Por tanto, no es descabellado afirmar que esta interpretación de la dialéctica entre libertad y necesidad con la que desde el principio se identificaron los protagonistas de la Revolución Francesa, una vez filtrada por las ideas de Marx, acabaría por constituir la base sobre la que se sustentaron todas las demás teorías revolucionarias.
Dicho de una forma más sencilla, sin una idea previa de progreso ínsita en el movimiento de la Historia y sin un increíble optimismo respecto a la capacidad de la acción humana para transformar el mundo, no es concebible la revolución.
De ahi que se trate de un fenómeno esencialmente moderno. No podemos perder de vista que la palabra modernidad viene de modernus -nuevo-, lo que conlleva la idea de que hay que organizarse de espaldas al pasado y con vistas al futuro.
El presente es visto como un proyecto de futuro, como el lugar hacia el que se proyectan las esperanzas y frustraciones y en el que se ansia encontrar la reconciliación de los fracasos y miserias.
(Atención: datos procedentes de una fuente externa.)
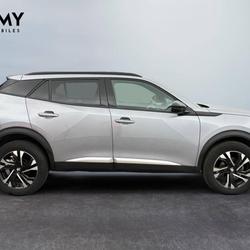 Peugeot 2008 2008 PureTech 130 S&S EAT8 Allure Pontivy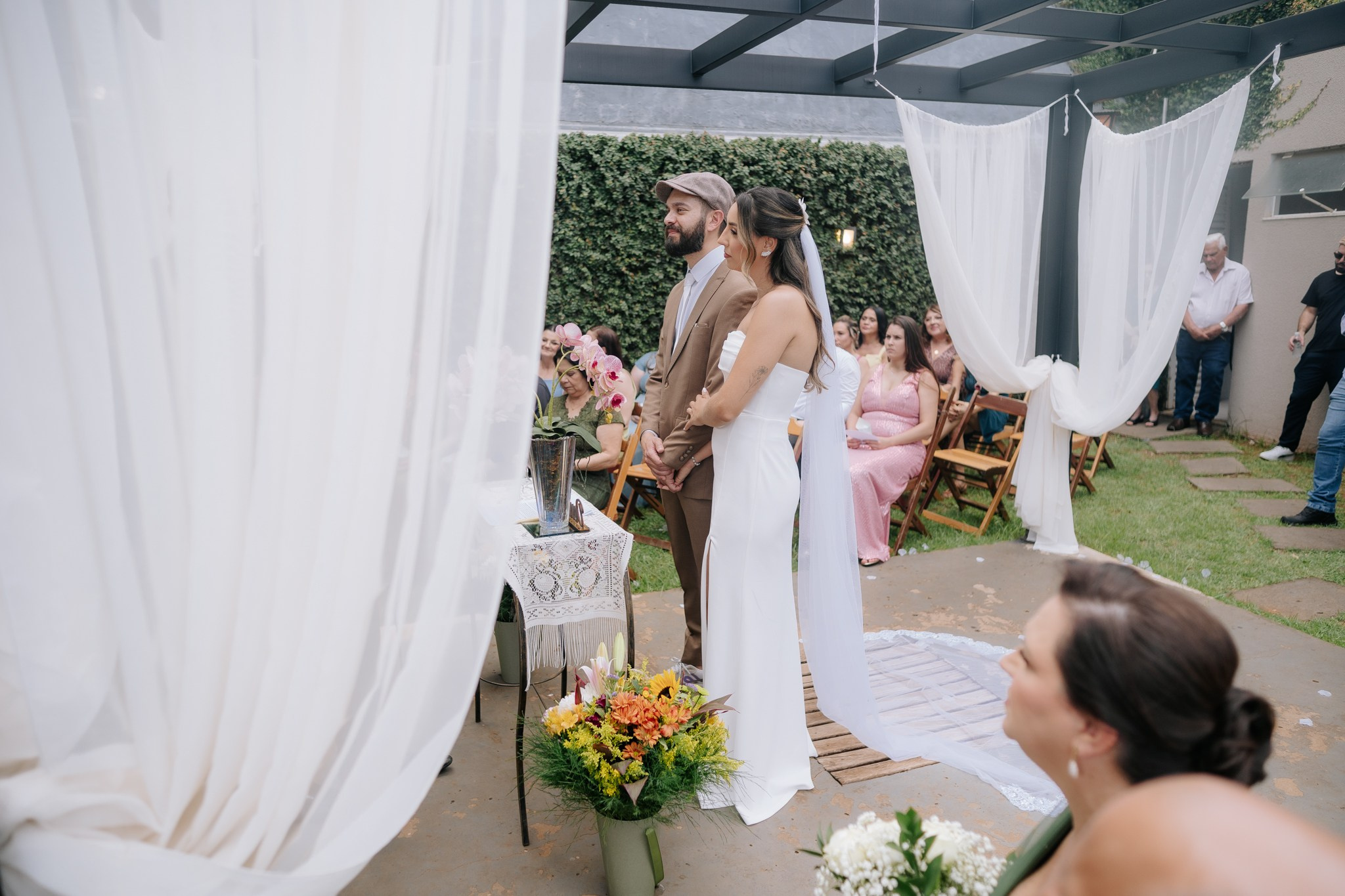 Fernanda & Leandro — Bauru SP. Robson Colaço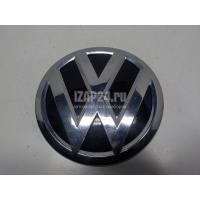 Эмблема на крышку багажника VAG Touareg (2010 - 2018) 7P6853630DFOD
Lo auténticamente revolucionario de la insurreción no es ya tanto lo que significa de quiebra violenta de un determinado orden social y politico, sino la mentalidad que desde atrás lo alumbra como posible.
La revolución está en el origen del mundo moderno porque representa mejor que cualquier otra acción colectiva la prometéica capacidad para renovar y rehacer continuamente las condiciones de vida.
Puede que su semántica siga identificándose con toda transformación cualitativa y trascendental.
Sin embargo, su espíritu pervive en todo intento por salir de la "inmadurez autoculpable" (Kant), a la hora de emanciparse de cuanto no se ajusta a los dictados de la razón aliada a la acción politica.